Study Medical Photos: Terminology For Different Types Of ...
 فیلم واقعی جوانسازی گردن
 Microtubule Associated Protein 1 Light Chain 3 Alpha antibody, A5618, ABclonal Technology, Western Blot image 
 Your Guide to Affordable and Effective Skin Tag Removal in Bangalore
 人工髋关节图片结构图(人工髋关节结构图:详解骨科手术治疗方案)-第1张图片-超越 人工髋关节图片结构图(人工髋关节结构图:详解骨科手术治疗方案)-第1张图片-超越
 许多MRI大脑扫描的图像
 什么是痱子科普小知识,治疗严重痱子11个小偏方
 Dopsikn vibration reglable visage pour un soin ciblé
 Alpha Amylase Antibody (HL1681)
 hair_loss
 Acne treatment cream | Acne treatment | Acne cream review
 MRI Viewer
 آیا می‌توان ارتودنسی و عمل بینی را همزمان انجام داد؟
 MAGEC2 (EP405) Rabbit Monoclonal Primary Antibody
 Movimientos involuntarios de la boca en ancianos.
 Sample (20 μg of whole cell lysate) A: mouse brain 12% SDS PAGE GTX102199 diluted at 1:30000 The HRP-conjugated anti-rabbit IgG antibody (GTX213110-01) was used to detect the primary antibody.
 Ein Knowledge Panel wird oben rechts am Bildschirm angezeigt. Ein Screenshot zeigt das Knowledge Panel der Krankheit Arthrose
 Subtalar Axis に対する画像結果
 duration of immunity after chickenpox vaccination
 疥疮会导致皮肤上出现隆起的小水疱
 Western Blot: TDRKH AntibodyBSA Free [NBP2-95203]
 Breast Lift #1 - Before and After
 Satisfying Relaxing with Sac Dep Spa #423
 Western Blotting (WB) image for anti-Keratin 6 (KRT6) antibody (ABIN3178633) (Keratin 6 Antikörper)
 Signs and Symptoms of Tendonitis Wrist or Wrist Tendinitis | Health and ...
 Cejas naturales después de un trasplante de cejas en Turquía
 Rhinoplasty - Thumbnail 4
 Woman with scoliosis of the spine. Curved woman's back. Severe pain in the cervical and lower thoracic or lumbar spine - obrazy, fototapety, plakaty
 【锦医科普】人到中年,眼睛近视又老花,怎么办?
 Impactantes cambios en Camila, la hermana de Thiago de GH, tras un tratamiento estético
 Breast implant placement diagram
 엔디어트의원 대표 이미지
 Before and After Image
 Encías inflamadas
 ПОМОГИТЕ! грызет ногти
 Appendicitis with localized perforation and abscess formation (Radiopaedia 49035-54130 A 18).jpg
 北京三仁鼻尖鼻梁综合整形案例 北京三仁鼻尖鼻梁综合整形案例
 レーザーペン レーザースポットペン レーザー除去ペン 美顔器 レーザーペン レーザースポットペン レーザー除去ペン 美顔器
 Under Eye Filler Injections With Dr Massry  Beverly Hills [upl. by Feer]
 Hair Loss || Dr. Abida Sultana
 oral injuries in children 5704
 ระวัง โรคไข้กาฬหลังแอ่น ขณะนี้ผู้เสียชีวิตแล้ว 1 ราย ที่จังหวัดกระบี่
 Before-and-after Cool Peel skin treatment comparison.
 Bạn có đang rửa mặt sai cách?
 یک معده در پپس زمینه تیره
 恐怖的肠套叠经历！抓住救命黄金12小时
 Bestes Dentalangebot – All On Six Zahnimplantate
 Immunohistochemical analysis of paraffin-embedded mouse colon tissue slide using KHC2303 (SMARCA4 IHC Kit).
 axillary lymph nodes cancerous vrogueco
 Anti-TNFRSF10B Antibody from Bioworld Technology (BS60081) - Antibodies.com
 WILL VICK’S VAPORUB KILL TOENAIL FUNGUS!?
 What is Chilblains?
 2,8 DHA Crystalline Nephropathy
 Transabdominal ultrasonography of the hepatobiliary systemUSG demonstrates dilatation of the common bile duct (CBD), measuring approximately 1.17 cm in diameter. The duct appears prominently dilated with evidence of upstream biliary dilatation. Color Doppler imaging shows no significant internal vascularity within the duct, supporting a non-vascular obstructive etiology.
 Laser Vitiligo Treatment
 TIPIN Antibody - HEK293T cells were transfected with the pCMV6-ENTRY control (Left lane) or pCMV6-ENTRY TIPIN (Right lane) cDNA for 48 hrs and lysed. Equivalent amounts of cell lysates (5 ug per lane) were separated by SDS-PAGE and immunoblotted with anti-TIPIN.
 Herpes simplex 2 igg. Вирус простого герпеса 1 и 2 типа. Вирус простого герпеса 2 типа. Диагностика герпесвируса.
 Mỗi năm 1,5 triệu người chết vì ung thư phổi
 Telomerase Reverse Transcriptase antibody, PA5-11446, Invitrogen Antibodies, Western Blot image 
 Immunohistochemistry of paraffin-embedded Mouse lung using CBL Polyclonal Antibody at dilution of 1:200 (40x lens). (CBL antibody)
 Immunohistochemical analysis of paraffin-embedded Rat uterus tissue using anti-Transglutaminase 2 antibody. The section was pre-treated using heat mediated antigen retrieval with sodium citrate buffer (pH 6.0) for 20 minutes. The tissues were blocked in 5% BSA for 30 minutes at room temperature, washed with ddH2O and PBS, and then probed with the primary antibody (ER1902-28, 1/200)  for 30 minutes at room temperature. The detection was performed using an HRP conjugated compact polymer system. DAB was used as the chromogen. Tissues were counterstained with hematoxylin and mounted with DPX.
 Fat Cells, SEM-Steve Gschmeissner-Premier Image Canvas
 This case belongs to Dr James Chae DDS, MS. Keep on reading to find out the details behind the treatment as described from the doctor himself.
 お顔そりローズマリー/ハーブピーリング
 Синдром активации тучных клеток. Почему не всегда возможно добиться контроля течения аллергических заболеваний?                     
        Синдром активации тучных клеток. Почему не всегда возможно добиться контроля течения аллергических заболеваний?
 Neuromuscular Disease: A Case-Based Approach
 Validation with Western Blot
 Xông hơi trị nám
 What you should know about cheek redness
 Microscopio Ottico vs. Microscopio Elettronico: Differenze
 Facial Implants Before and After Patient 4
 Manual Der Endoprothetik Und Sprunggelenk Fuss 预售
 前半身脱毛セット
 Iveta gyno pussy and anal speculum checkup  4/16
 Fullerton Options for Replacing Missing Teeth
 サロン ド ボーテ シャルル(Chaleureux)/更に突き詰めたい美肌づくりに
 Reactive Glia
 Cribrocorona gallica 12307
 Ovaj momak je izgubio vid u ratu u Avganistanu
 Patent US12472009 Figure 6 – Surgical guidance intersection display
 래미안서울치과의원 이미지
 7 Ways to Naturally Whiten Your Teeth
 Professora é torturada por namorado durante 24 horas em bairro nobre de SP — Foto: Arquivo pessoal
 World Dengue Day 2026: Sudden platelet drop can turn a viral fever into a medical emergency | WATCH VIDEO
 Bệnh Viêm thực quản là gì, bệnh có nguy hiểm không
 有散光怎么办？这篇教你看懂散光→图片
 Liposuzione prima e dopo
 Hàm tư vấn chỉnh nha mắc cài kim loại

-=-=-

→ **Exercise prompt**: Reproduce the complete data exactly as presented above.

→ **Task answer**:
Study Medical Photos: Terminology For Different Types Of ...
 فیلم واقعی جوانسازی گردن
 Microtubule Associated Protein 1 Light Chain 3 Alpha antibody, A5618, ABclonal Technology, Western Blot image 
 Your Guide to Affordable and Effective Skin Tag Removal in Bangalore
 人工髋关节图片结构图(人工髋关节结构图:详解骨科手术治疗方案)-第1张图片-超越 人工髋关节图片结构图(人工髋关节结构图:详解骨科手术治疗方案)-第1张图片-超越
 许多MRI大脑扫描的图像
 什么是痱子科普小知识,治疗严重痱子11个小偏方
 Dopsikn vibration reglable visage pour un soin ciblé
 Alpha Amylase Antibody (HL1681)
 hair_loss
 Acne treatment cream | Acne treatment | Acne cream review
 MRI Viewer
 آیا می‌توان ارتودنسی و عمل بینی را همزمان انجام داد؟
 MAGEC2 (EP405) Rabbit Monoclonal Primary Antibody
 Movimientos involuntarios de la boca en ancianos.
 Sample (20 μg of whole cell lysate) A: mouse brain 12% SDS PAGE GTX102199 diluted at 1:30000 The HRP-conjugated anti-rabbit IgG antibody (GTX213110-01) was used to detect the primary antibody.
 Ein Knowledge Panel wird oben rechts am Bildschirm angezeigt. Ein Screenshot zeigt das Knowledge Panel der Krankheit Arthrose
 Subtalar Axis に対する画像結果
 duration of immunity after chickenpox vaccination
 疥疮会导致皮肤上出现隆起的小水疱
 Western Blot: TDRKH AntibodyBSA Free [NBP2-95203]
 Breast Lift #1 - Before and After
 Satisfying Relaxing with Sac Dep Spa #423
 Western Blotting (WB) image for anti-Keratin 6 (KRT6) antibody (ABIN3178633) (Keratin 6 Antikörper)
 Signs and Symptoms of Tendonitis Wrist or Wrist Tendinitis | Health and ...
 Cejas naturales después de un trasplante de cejas en Turquía
 Rhinoplasty - Thumbnail 4
 Woman with scoliosis of the spine. Curved woman's back. Severe pain in the cervical and lower thoracic or lumbar spine - obrazy, fototapety, plakaty
 【锦医科普】人到中年,眼睛近视又老花,怎么办?
 Impactantes cambios en Camila, la hermana de Thiago de GH, tras un tratamiento estético
 Breast implant placement diagram
 엔디어트의원 대표 이미지
 Before and After Image
 Encías inflamadas
 ПОМОГИТЕ! грызет ногти
 Appendicitis with localized perforation and abscess formation (Radiopaedia 49035-54130 A 18).jpg
 北京三仁鼻尖鼻梁综合整形案例 北京三仁鼻尖鼻梁综合整形案例
 レーザーペン レーザースポットペン レーザー除去ペン 美顔器 レーザーペン レーザースポットペン レーザー除去ペン 美顔器
 Under Eye Filler Injections With Dr Massry  Beverly Hills [upl. by Feer]
 Hair Loss || Dr. Abida Sultana
 oral injuries in children 5704
 ระวัง โรคไข้กาฬหลังแอ่น ขณะนี้ผู้เสียชีวิตแล้ว 1 ราย ที่จังหวัดกระบี่
 Before-and-after Cool Peel skin treatment comparison.
 Bạn có đang rửa mặt sai cách?
 یک معده در پپس زمینه تیره
 恐怖的肠套叠经历！抓住救命黄金12小时
 Bestes Dentalangebot – All On Six Zahnimplantate
 Immunohistochemical analysis of paraffin-embedded mouse colon tissue slide using KHC2303 (SMARCA4 IHC Kit).
 axillary lymph nodes cancerous vrogueco
 Anti-TNFRSF10B Antibody from Bioworld Technology (BS60081) - Antibodies.com
 WILL VICK’S VAPORUB KILL TOENAIL FUNGUS!?
 What is Chilblains?
 2,8 DHA Crystalline Nephropathy
 Transabdominal ultrasonography of the hepatobiliary systemUSG demonstrates dilatation of the common bile duct (CBD), measuring approximately 1.17 cm in diameter. The duct appears prominently dilated with evidence of upstream biliary dilatation. Color Doppler imaging shows no significant internal vascularity within the duct, supporting a non-vascular obstructive etiology.
 Laser Vitiligo Treatment
 TIPIN Antibody - HEK293T cells were transfected with the pCMV6-ENTRY control (Left lane) or pCMV6-ENTRY TIPIN (Right lane) cDNA for 48 hrs and lysed. Equivalent amounts of cell lysates (5 ug per lane) were separated by SDS-PAGE and immunoblotted with anti-TIPIN.
 Herpes simplex 2 igg. Вирус простого герпеса 1 и 2 типа. Вирус простого герпеса 2 типа. Диагностика герпесвируса.
 Mỗi năm 1,5 triệu người chết vì ung thư phổi
 Telomerase Reverse Transcriptase antibody, PA5-11446, Invitrogen Antibodies, Western Blot image 
 Immunohistochemistry of paraffin-embedded Mouse lung using CBL Polyclonal Antibody at dilution of 1:200 (40x lens). (CBL antibody)
 Immunohistochemical analysis of paraffin-embedded Rat uterus tissue using anti-Transglutaminase 2 antibody. The section was pre-treated using heat mediated antigen retrieval with sodium citrate buffer (pH 6.0) for 20 minutes. The tissues were blocked in 5% BSA for 30 minutes at room temperature, washed with ddH2O and PBS, and then probed with the primary antibody (ER1902-28, 1/200)  for 30 minutes at room temperature. The detection was performed using an HRP conjugated compact polymer system. DAB was used as the chromogen. Tissues were counterstained with hematoxylin and mounted with DPX.
 Fat Cells, SEM-Steve Gschmeissner-Premier Image Canvas
 This case belongs to Dr James Chae DDS, MS. Keep on reading to find out the details behind the treatment as described from the doctor himself.
 お顔そりローズマリー/ハーブピーリング
 Синдром активации тучных клеток. Почему не всегда возможно добиться контроля течения аллергических заболеваний?                     
        Синдром активации тучных клеток. Почему не всегда возможно добиться контроля течения аллергических заболеваний?
 Neuromuscular Disease: A Case-Based Approach
 Validation with Western Blot
 Xông hơi trị nám
 What you should know about cheek redness
 Microscopio Ottico vs. Microscopio Elettronico: Differenze
 Facial Implants Before and After Patient 4
 Manual Der Endoprothetik Und Sprunggelenk Fuss 预售
 前半身脱毛セット
 Iveta gyno pussy and anal speculum checkup  4/16
 Fullerton Options for Replacing Missing Teeth
 サロン ド ボーテ シャルル(Chaleureux)/更に突き詰めたい美肌づくりに
 Reactive Glia
 Cribrocorona gallica 12307
 Ovaj momak je izgubio vid u ratu u Avganistanu
 Patent US12472009 Figure 6 – Surgical guidance intersection display
 래미안서울치과의원 이미지
 7 Ways to Naturally Whiten Your Teeth
 Professora é torturada por namorado durante 24 horas em bairro nobre de SP — Foto: Arquivo pessoal
 World Dengue Day 2026: Sudden platelet drop can turn a viral fever into a medical emergency | WATCH VIDEO
 Bệnh Viêm thực quản là gì, bệnh có nguy hiểm không
 有散光怎么办？这篇教你看懂散光→图片
 Liposuzione prima e dopo
 Hàm tư vấn chỉnh nha mắc cài kim loại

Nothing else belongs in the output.